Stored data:
-------------------------

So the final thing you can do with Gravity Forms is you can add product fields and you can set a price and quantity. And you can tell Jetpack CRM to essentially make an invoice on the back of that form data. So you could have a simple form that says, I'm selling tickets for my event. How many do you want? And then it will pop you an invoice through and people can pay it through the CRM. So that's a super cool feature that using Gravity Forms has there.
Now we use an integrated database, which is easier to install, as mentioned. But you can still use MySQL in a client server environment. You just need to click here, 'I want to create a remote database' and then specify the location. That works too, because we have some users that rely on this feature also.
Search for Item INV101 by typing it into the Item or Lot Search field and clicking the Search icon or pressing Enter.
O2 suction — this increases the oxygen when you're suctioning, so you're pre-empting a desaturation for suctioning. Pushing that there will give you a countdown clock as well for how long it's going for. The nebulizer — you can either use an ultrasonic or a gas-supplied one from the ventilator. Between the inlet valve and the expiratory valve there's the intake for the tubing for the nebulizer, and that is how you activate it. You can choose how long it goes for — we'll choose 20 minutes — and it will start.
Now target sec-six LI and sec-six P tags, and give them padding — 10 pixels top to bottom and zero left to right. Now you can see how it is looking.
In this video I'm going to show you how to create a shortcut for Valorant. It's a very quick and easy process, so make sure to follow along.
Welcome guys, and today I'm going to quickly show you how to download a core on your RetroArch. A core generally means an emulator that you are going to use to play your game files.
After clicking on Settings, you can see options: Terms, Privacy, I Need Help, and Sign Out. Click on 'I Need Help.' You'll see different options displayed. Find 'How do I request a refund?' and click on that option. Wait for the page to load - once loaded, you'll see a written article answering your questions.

-------------------------

* INSTRUCTIONS FOR THE TASK *
Give back every line of the data exactly.

* SOLUTION TO THIS TASK *
So the final thing you can do with Gravity Forms is you can add product fields and you can set a price and quantity. And you can tell Jetpack CRM to essentially make an invoice on the back of that form data. So you could have a simple form that says, I'm selling tickets for my event. How many do you want? And then it will pop you an invoice through and people can pay it through the CRM. So that's a super cool feature that using Gravity Forms has there.
Now we use an integrated database, which is easier to install, as mentioned. But you can still use MySQL in a client server environment. You just need to click here, 'I want to create a remote database' and then specify the location. That works too, because we have some users that rely on this feature also.
Search for Item INV101 by typing it into the Item or Lot Search field and clicking the Search icon or pressing Enter.
O2 suction — this increases the oxygen when you're suctioning, so you're pre-empting a desaturation for suctioning. Pushing that there will give you a countdown clock as well for how long it's going for. The nebulizer — you can either use an ultrasonic or a gas-supplied one from the ventilator. Between the inlet valve and the expiratory valve there's the intake for the tubing for the nebulizer, and that is how you activate it. You can choose how long it goes for — we'll choose 20 minutes — and it will start.
Now target sec-six LI and sec-six P tags, and give them padding — 10 pixels top to bottom and zero left to right. Now you can see how it is looking.
In this video I'm going to show you how to create a shortcut for Valorant. It's a very quick and easy process, so make sure to follow along.
Welcome guys, and today I'm going to quickly show you how to download a core on your RetroArch. A core generally means an emulator that you are going to use to play your game files.
After clicking on Settings, you can see options: Terms, Privacy, I Need Help, and Sign Out. Click on 'I Need Help.' You'll see different options displayed. Find 'How do I request a refund?' and click on that option. Wait for the page to load - once loaded, you'll see a written article answering your questions.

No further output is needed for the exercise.